ICSE2025

Template-Guided Program Repair in the Era of Large Language Models

Kai Huang, Jian Zhang, Xiangxin Meng, Yang Liu

7 citations

Abstract

Recent advancements in automated program repair (APR) have been significantly driven by the application of Large Language Models (LLMs). In particular, the integration of LLMs with traditional template-based repair methods has demonstrated effective outcomes. Despite this, the synergy between the strengths of traditional methods and LLMs remains underexploited. This oversight originates from the indiscriminate use of templates and their insufficient coverage. Also, using small-scale LLMs within the zero-shot learning context proves to be suboptimal. To alleviate the limitations, we propose NTR (Neural Template Repair), a two-stage repair framework including template selection and patch generation, both of which are under the fine-tuning paradigm. In the template selection phase, we formulate it as a multiclass classification problem and fine-tune million-level LLMs for better selecting possible templates. During the patch generation phase, we leverage the chosen templates as probable directions (e.g., ‘Mutate Conditional Expression’) to guide the fine-tuning process of LLMs at the billion-level scale for precise patch creation. Moreover, we incorporate a unique template to signify the absence of a suitable template and employ a probability-based prioritization of templates, thereby optimizing patch generation.
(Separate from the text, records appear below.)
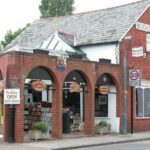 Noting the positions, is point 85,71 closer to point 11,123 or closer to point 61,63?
point 61,63

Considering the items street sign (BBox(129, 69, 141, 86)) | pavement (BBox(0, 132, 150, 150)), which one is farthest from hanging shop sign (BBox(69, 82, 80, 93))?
street sign (BBox(129, 69, 141, 86))

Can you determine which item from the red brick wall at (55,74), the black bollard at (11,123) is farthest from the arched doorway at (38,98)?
the black bollard at (11,123)

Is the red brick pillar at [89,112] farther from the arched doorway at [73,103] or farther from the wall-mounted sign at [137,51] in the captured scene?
the wall-mounted sign at [137,51]

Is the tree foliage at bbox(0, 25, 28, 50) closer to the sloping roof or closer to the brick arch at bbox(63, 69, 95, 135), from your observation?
the sloping roof

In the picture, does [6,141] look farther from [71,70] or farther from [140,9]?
[140,9]

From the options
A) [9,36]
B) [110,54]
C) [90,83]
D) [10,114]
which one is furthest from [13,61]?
[9,36]

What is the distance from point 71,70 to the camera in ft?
86.4

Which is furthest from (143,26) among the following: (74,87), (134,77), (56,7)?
(56,7)

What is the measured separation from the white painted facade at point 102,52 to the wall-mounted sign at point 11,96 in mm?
8840

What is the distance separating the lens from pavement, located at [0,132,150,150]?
21.3 m

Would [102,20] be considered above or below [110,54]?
above

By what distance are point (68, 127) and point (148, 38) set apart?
860 centimetres

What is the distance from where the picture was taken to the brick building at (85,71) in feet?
A: 80.5

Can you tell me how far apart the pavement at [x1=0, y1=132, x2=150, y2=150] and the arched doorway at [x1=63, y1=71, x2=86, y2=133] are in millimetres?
2366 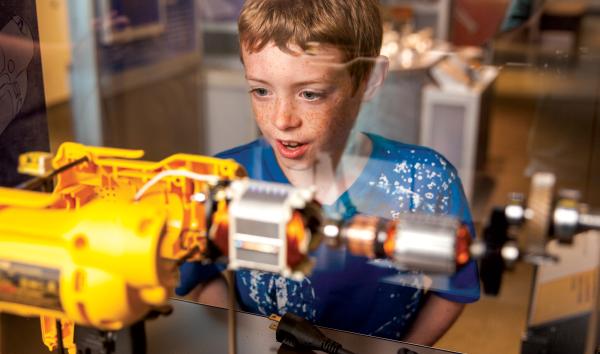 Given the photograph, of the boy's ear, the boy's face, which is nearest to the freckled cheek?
the boy's face

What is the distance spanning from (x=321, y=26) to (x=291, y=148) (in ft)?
0.48

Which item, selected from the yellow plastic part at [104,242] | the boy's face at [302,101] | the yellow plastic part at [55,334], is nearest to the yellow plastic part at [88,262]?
A: the yellow plastic part at [104,242]

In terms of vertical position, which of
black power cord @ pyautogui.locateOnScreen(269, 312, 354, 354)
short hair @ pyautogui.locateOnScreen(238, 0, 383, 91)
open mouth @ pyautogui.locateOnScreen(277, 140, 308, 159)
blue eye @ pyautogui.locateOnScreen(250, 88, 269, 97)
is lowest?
black power cord @ pyautogui.locateOnScreen(269, 312, 354, 354)

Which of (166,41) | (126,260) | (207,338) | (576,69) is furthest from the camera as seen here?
(166,41)

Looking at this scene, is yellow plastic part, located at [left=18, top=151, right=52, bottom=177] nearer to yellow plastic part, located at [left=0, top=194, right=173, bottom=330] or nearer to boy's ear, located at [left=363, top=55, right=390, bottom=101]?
yellow plastic part, located at [left=0, top=194, right=173, bottom=330]

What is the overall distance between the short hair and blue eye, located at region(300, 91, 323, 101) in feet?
0.16

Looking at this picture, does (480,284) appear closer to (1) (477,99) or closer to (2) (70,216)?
(2) (70,216)

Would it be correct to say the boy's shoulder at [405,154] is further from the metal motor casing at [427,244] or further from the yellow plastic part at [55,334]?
the yellow plastic part at [55,334]

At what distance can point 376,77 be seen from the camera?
2.71 feet

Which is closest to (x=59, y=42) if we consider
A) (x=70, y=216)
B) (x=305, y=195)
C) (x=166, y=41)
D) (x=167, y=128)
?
(x=167, y=128)

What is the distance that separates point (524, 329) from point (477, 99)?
72cm

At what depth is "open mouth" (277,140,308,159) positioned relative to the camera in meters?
0.81

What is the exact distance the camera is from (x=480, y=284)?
74 cm

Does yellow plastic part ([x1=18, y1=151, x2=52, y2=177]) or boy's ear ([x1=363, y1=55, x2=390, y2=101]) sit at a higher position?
boy's ear ([x1=363, y1=55, x2=390, y2=101])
This framework not only effectively addresses template mismatch issues, but also enables the billion-level LLMs to explore the patch space more efficiently, despite the GPU memory constraints. We evaluate NTR with different foundational models on Defects4J V1.2 and HumanEval-Java, the framework consistently demonstrates significant effectiveness. When utilizing StarCoder as the foundational model for patch generation, NTR fixes 128 and 129 bugs in Defects4J and HumanEval, outperforming the best baseline APR tool by 14 and 59 bugs. With the larger CodeLlama model, the fixed bugs rise to 139 and 136, respectively, exceeding the baseline by 25 and 66 bugs. Notably, the performance stems not only from the foundational models but also benefits greatly from our NTR framework. Specifically, NTR's implementation with StarCoder and CodeLlama leads to 22 and 23 additional fixes, which is beyond what the models achieve on their own. This emphasizes the success of our new perspective on utilizing templates to unlock the bug-fixing potential of LLMs.